Nevertheless, the present DNA extraction strategies, together with cell disruption and genomic DNA purification, are usually biased, expensive, time-consuming, labor-intensive, and never amenable to miniaturization by droplets or 1,536-well plates as a result of vital DNA loss throughout the purification step for tiny-volume and low-cell-density samples.
A direct PCR methodology might probably clear up these issues. On this examine, we developed a direct PCR methodology which reveals comparable effectivity because the broadly used methodology, the DNeasy PowerSoil protocol, whereas being 1,600 instances inexpensive and 10 instances sooner to execute.
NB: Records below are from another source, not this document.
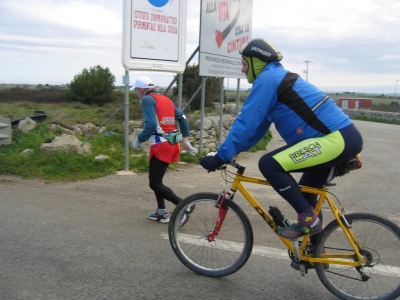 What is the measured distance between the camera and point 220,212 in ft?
13.3

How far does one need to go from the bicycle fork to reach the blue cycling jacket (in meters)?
0.46

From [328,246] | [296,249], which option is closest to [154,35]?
[296,249]

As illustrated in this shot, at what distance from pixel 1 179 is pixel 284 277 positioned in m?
5.91

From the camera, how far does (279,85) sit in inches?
138

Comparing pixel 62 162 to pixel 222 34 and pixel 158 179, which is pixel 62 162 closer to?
pixel 158 179

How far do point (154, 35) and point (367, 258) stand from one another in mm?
6409

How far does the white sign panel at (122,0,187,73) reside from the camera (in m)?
8.31

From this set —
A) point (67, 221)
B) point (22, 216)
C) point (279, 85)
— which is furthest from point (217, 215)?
point (22, 216)

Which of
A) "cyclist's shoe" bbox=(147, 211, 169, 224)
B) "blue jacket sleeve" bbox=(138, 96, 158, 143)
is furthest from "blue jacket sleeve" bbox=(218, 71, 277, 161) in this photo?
"cyclist's shoe" bbox=(147, 211, 169, 224)

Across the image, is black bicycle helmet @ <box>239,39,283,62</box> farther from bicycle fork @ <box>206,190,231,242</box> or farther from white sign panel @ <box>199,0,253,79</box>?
white sign panel @ <box>199,0,253,79</box>

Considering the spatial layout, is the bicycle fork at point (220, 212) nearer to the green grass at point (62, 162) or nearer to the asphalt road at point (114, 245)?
the asphalt road at point (114, 245)

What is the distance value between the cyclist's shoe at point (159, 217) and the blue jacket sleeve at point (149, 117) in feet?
3.34

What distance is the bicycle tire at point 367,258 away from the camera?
3.51 metres

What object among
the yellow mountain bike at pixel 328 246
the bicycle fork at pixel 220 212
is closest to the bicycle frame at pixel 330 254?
the yellow mountain bike at pixel 328 246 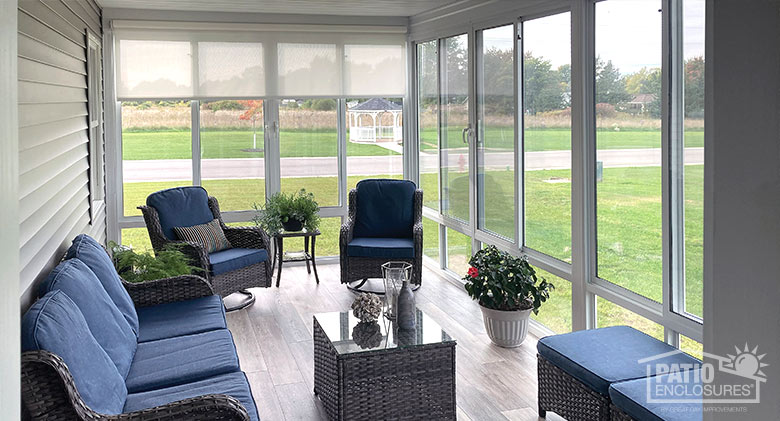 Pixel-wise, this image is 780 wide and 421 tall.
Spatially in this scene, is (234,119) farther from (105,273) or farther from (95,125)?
(105,273)

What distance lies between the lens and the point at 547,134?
479 cm

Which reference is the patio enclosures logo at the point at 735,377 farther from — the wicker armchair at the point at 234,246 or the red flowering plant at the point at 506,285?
the wicker armchair at the point at 234,246

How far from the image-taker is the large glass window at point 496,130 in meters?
5.34

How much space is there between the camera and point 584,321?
172 inches

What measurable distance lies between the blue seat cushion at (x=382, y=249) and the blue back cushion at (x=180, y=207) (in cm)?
128

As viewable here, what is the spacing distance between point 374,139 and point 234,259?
2.51 metres

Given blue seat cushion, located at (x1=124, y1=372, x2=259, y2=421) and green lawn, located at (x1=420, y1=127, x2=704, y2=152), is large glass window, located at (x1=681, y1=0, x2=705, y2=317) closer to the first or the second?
green lawn, located at (x1=420, y1=127, x2=704, y2=152)

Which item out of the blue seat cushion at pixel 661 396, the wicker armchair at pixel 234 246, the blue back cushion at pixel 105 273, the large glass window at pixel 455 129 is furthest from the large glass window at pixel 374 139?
the blue seat cushion at pixel 661 396

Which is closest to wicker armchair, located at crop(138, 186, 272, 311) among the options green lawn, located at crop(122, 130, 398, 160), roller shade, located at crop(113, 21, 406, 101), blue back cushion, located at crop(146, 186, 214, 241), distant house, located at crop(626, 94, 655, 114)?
blue back cushion, located at crop(146, 186, 214, 241)

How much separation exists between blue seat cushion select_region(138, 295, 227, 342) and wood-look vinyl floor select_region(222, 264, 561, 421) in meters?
0.52

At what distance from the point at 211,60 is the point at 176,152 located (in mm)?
983

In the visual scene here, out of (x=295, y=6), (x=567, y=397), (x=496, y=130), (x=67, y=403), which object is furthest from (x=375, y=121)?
(x=67, y=403)

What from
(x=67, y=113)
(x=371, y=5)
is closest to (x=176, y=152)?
(x=371, y=5)

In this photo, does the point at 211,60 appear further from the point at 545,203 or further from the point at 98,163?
the point at 545,203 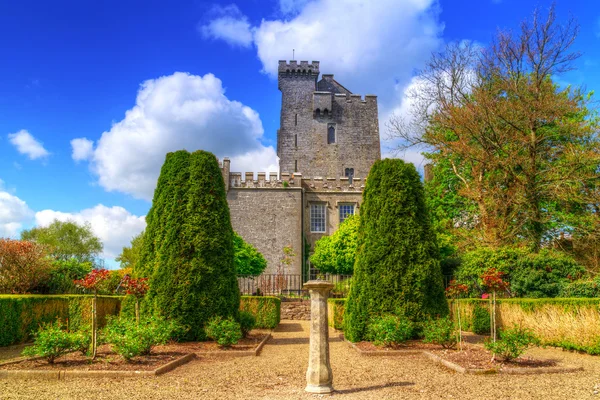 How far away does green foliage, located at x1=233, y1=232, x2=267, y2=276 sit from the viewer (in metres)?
26.0

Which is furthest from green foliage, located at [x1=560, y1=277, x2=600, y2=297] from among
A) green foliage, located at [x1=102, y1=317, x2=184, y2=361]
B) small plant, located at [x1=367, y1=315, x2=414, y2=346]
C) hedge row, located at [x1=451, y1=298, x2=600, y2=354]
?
green foliage, located at [x1=102, y1=317, x2=184, y2=361]

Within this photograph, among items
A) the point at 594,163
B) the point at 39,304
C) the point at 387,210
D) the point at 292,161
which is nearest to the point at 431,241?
the point at 387,210

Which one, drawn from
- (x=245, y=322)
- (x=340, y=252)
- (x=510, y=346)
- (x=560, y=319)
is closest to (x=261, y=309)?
(x=245, y=322)

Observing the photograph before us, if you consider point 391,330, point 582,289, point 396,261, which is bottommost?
point 391,330

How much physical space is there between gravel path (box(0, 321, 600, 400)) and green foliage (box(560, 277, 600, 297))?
417 cm

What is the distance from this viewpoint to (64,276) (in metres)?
18.1

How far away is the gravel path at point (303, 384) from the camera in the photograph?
634cm

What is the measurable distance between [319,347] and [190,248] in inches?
223

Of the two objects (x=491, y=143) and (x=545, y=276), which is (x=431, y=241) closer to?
(x=545, y=276)

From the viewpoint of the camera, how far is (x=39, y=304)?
1222 centimetres

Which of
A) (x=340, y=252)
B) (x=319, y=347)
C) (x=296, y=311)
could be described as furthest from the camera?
(x=340, y=252)

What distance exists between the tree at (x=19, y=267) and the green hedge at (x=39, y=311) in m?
4.26

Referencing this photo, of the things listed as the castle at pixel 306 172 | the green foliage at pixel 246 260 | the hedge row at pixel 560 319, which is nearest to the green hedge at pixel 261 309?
the hedge row at pixel 560 319

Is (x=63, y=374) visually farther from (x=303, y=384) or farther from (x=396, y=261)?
(x=396, y=261) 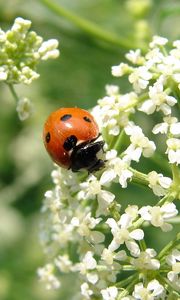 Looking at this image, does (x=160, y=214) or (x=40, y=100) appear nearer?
(x=160, y=214)

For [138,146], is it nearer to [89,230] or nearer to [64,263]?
[89,230]

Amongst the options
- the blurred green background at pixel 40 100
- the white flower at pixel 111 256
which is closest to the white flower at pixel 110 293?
the white flower at pixel 111 256

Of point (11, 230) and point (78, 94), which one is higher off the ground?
point (78, 94)

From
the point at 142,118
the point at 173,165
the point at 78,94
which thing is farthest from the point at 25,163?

3-min Bacterial Total Protein Extraction Kit

P512L - Ask for price

EZLys? Bacterial Protein Extraction Reagent

8001-100 each
EUR 157.2

EZLys? Bacterial Protein Extraction Reagent

8001-500 each
EUR 352.8

Bacterial Total Protein Extraction Reagent

abx090632-50100assays 50-100 assays
EUR 309.6

Complete Bacterial Protein Extraction Reagent

AR0157 50mL (sufficient for lysis of 10g of bacterial biomass)
EUR 169.2

5X Bacterial Protein Extraction Reagent (Tris)

AKR-180 50mL
EUR 331.2
Description: The Cell Biolabs Bacterial Protein Extraction Reagents contain a gentle, nonionic detergent formulation which quickly extracts functional, recombinant protein from E. coli without mechanical disruption.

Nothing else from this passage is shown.